Davey Osborne, a.k.a. Henry Thomas — yes, Elliott from E.T. — is obsessed with Jack Flack, U.S. spy of video game and role-playing fame. Flack takes on a life of his own as Davey’s imaginary friend, and is played by Dabney Coleman, who also plays Davey’s father.
While fetching some Twinkies (I’m not making this up) for uber-geeky video game store clerk Morris (whom Andrew likened to Pedobear), Davey witnesses a murder and the victim hands him an Atari 5200 cartridge of the titular game Cloak & Dagger. Nobody believes Davey, though, because the victim’s body mysteriously disappears.
There’s an early question of Davey’s sanity. We learn he’s recently lost his mother and his father wants him to see a psychiatrist. It’s also clear that his obsession with war and espionage is making him cuckoo-bananas.
But it turns out the cartridge — which people constantly and infuriatingly refer to as a disc — holds classified information for the “invisible bomber.” Of course, the plane is easily identified as an SR-71 Blackbird by anybody who grew up in the 80s, but the point is that spies are willing to kill Davey and his whiny gal Friday sidekick to get it back.
From there, the rest of the film is a chase through Houston, which is transformed into a maze of stone bridges, tunnels, and canals and includes plot stop-offs at Japanese gardens, a riverboat tour, and the Alamo.
Just when you think everything might be sorted, missing digits come into play.
Is Jack real?
There is a legitimate question of whether Jack Flack might have some profound metaphysical property.

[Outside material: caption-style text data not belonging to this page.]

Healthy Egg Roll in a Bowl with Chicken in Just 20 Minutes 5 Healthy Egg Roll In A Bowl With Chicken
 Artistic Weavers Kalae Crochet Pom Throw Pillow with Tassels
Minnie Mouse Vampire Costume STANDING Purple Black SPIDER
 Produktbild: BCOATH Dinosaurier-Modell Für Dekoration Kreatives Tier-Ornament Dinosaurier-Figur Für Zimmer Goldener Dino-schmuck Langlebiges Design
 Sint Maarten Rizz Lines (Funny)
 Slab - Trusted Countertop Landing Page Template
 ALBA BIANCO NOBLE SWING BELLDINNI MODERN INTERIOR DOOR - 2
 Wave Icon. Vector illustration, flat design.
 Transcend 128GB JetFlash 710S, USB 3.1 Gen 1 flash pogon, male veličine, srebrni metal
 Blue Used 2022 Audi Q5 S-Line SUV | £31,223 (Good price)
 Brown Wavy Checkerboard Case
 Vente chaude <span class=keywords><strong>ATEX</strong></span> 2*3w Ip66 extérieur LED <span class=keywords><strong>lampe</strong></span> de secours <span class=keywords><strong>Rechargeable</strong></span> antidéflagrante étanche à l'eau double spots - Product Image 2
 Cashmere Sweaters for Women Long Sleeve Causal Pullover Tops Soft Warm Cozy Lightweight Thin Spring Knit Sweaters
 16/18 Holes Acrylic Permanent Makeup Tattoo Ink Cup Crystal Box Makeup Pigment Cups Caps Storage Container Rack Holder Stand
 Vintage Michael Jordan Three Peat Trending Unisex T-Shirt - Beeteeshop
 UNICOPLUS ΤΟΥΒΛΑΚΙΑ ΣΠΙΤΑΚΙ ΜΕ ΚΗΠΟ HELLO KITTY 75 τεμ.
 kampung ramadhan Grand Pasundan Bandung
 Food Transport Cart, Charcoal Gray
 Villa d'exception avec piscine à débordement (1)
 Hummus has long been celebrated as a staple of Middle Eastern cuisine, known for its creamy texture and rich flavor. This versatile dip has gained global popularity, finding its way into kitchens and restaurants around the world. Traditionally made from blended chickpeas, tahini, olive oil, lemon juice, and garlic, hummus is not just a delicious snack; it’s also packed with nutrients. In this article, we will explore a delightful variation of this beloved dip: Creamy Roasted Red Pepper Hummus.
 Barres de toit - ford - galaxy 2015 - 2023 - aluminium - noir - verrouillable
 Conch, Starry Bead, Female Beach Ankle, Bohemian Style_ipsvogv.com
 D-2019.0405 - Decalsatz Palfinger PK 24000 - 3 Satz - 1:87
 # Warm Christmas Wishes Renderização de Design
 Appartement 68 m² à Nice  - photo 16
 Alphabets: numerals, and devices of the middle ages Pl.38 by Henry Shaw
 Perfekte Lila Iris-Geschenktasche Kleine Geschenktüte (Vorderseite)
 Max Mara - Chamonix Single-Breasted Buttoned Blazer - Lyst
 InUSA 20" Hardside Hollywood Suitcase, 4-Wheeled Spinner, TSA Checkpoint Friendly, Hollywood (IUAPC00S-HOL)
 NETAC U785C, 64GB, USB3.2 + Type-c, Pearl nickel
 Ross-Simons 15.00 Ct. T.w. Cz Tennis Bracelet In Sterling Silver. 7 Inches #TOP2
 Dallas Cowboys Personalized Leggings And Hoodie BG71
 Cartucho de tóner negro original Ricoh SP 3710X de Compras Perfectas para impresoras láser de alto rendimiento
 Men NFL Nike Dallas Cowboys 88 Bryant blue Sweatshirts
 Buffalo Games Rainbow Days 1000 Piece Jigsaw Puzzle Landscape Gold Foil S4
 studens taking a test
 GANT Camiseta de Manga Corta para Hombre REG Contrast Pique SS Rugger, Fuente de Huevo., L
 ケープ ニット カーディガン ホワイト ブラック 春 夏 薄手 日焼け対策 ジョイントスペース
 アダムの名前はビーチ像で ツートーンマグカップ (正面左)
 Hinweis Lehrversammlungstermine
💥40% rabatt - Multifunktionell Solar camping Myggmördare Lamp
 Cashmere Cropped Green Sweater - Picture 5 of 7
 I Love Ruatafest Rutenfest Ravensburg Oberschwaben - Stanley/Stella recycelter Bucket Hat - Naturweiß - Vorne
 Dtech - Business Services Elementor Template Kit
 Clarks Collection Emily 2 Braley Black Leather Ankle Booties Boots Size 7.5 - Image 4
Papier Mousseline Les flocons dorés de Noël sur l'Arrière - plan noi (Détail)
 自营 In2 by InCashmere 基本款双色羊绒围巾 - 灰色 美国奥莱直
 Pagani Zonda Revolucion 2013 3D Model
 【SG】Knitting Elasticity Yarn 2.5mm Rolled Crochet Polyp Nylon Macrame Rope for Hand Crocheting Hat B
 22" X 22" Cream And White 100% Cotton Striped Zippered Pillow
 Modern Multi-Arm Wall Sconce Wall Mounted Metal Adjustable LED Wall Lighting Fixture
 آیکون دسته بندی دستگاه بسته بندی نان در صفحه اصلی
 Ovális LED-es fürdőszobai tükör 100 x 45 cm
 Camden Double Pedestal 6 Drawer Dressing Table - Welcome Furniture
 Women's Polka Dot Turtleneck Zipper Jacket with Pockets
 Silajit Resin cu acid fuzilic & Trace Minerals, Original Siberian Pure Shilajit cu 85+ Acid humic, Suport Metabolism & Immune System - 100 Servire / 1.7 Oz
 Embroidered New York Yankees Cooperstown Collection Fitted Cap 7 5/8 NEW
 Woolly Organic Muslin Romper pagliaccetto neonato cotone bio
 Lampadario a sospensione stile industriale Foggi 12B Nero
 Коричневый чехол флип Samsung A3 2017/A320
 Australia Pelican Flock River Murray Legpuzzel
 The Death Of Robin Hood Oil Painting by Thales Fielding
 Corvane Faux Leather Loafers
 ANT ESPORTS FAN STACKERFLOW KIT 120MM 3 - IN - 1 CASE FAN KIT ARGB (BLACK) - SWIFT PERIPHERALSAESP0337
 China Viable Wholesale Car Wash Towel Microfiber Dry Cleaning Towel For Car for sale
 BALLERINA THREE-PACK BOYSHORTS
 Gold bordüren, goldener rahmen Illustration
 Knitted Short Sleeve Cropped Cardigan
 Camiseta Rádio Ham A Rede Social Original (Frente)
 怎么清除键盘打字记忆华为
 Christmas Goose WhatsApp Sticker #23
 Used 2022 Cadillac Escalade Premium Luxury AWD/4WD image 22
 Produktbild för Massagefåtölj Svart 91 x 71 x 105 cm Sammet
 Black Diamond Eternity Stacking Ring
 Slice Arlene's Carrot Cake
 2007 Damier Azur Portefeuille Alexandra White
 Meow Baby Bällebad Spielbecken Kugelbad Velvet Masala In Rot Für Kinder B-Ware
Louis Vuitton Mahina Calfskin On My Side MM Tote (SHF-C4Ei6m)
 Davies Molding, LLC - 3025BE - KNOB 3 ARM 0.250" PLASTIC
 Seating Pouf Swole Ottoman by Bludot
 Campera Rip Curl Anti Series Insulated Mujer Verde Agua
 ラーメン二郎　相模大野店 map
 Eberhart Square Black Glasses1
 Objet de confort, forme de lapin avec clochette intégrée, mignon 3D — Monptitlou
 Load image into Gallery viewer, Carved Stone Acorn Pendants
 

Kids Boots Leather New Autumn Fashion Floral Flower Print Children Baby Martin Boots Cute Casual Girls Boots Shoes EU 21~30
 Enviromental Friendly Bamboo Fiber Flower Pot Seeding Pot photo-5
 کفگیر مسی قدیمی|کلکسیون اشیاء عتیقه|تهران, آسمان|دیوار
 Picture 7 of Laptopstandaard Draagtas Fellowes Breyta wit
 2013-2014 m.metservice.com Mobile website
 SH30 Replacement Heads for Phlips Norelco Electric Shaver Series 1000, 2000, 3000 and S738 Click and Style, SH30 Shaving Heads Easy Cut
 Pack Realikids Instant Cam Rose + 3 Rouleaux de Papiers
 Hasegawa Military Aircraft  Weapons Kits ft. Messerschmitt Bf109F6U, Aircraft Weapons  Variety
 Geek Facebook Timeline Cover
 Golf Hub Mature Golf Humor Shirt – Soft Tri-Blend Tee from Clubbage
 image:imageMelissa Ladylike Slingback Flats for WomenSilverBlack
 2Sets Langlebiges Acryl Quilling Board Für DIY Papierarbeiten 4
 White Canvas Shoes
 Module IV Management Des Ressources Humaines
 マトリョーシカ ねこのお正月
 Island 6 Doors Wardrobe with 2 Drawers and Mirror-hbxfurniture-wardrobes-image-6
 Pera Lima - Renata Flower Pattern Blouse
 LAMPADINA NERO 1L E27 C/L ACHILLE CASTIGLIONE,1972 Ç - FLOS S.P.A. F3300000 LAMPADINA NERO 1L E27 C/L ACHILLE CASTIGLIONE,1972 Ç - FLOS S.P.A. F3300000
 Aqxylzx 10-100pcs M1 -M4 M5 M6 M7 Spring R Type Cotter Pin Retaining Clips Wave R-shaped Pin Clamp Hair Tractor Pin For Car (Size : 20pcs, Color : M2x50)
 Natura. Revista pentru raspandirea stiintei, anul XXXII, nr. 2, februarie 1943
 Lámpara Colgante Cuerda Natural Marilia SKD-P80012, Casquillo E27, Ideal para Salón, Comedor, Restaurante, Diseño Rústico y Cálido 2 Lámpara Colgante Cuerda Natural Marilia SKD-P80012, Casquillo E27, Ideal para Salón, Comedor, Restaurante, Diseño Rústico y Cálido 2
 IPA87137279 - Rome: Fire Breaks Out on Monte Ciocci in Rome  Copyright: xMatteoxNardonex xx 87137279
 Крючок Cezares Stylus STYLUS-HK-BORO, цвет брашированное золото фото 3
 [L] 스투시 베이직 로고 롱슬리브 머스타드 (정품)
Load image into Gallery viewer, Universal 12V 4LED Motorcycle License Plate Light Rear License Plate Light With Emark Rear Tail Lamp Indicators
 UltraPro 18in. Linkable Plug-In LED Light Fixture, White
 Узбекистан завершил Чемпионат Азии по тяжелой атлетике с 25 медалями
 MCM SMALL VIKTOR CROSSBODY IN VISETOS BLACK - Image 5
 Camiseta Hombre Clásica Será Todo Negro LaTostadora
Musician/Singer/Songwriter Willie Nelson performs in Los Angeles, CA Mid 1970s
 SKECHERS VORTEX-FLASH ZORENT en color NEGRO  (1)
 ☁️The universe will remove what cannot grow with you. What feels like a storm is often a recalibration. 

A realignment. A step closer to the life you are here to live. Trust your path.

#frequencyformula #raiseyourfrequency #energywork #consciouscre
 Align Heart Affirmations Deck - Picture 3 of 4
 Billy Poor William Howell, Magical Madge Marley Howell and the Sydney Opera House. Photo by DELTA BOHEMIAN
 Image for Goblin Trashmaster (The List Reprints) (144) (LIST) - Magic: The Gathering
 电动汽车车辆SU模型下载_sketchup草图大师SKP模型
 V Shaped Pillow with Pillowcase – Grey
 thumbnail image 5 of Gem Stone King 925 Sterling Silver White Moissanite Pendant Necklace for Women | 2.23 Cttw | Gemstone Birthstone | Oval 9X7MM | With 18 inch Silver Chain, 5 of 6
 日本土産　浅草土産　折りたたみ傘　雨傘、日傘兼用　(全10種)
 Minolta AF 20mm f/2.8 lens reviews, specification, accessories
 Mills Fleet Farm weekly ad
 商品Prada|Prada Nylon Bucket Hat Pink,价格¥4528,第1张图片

In several instances, he manipulates his environment — closing a car trunk, changing gears for Davey during a car chase, dragging Davey backward out of the car, then yanking him from a phone booth just before it’s leveled by a charging van. It would be interesting to see what is really happening from an impartial observer, like the surveillance camera footage of Tyler Durden beating himself in Fight Club.
There’s also ambiguity later in the film when Davey begins to decide to grow up: “I don’t want to play anymore!” he yells at Jack.
“Why do you kids always say that? You’re father said the same thing. After all those games of cowboys and Indians, you get tired of make-believe and break your toys,” Jack says.
I’m not sure if this is supposed to hint that Jack is a ghost or spirit of some type; if it was around before Davey was born (as his father’s imaginary friend), then maybe it is an extant entity and not a figment. Or maybe it’s the spirit of childhood imagination. Later in the same scene, as he lies dying on the pavement, Jack tells Davey, “You’re the best playmate I ever had.” It almost slips into It territory.
You can’t miss:
- The longest walkie-talkie antennas in history.
- Also, the biggest silencer ever attached to a gun.
- The E.T. theme subtly worked into the score at touching moments.
- Screens from the arcade version of C&D, which was never actually released on the 5200 (which was rare enough anyway. I never saw one in the wild, though I hunted for one at the Salvation Army and yard sales for years).
- Norman Bates’ mom from Psycho (uncredited, but linked on IMDB).
A final word of comfort
Christina Nigra, who played Kim, left the acting business shortly after C&D, sparing the world some of the worst child acting ever to hit the screen. She starred only in a few episodes of Mr. Belvedere, Top of the Heap, and Out of This World before calling it quits in 1991.